Standard Post

Gara-gara Anggaran Covid-19 Tak Dirasakan Masyarakat, Gus AMI Mengaku Dimarahin Istri


JAKARTA, PKBNews - WAKIL Ketua Dewan Perwakilan Rakyat Republik Indonesia (DPR RI) Koordinator Bidang Kesejahteraan Rakyat, Abdul Muhaimin Iskandar atau Gus AMI mengaku istrinya Rustini Murtadho tiba-tiba marah karena anggaran Covid-19 tidak dirasakan masyarakat.

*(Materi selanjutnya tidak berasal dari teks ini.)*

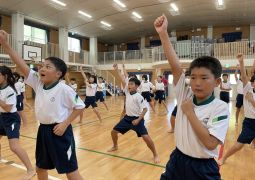 08.29.講堂でどっこいしょ‼︎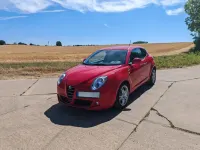 Gebraucht Alfa Romeo MiTo Turismo 155 PS (114 kW) 2008 Rot Kleinwagen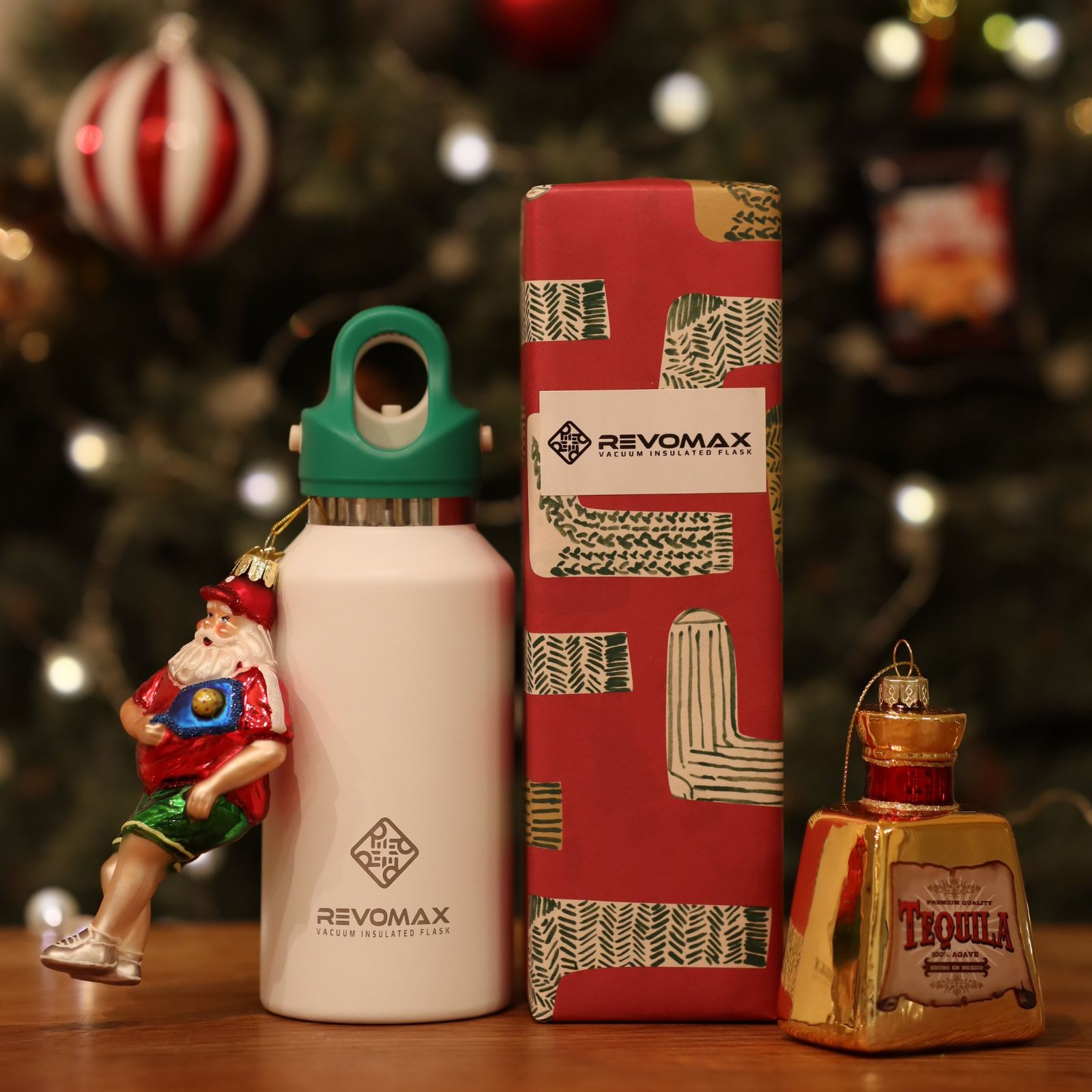 【REVOMAX公式】 REVOMAX専用クリスマスラッピング 　※REVOMAX製品(ボトルのみ)と合わせてカートに入れ..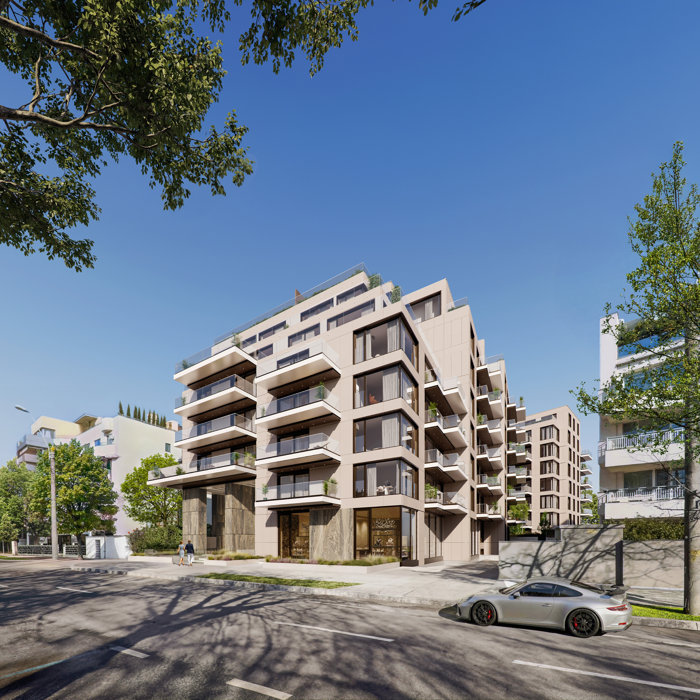 Dan Şucu, proprietarul Mobexpert, lansează proiectul imobiliar de apartamente de lux Nordului 56, pe Şos. Nordului, lângă Parcul Herăstrău, cu o valoare de vânzare de 130 mil euro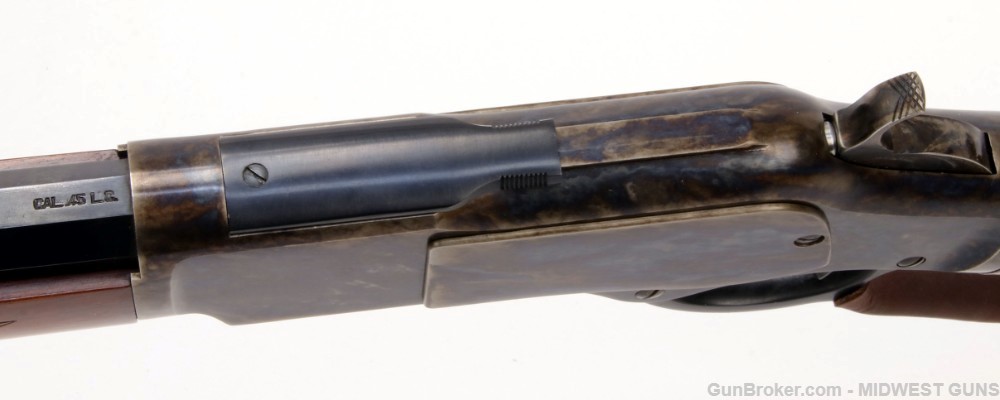 Uberti Model: 1873  30" Barrel 45 LC Lever Action Rifle 1997-img-8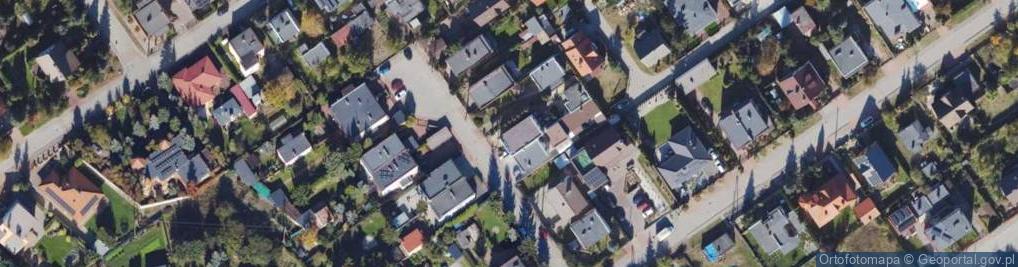 Zdjęcie satelitarne Akacjowa ul.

"Kebetulan istri saya ikut juga hari ini, selalu ke mana-mana, mana (bantuan, red) triliunannya, kok, enggak terasa, begitu. Seolah-olah saya pemegang kendali triliunan itu dimarahi sama istri saya," kata Gus AMI.

Bu Rustini Murtadho hanya tahu alokasi dana bantuan penanggulangan Covid-19 sebesar Rp695,2 triliun. Menanggapi hal tersebut, ungkap Gus AMI kemudian menjelaskan pada istrinya bahwa dana tersebut bukanlah untuk bidang kesehatan saja, melainkan dibagi-bagi sekian teriliun untuk perlindungan sosial, sektoral K/L dan pemda, dukungan UMKM (usaha mikro, kecil, dan menengah), pembiayaan korporasi, dan insentif usaha.

Sekalipun telah menjelaskan secara gamblang, kata Gus AMI, sang istri masih saja terlihat sewot.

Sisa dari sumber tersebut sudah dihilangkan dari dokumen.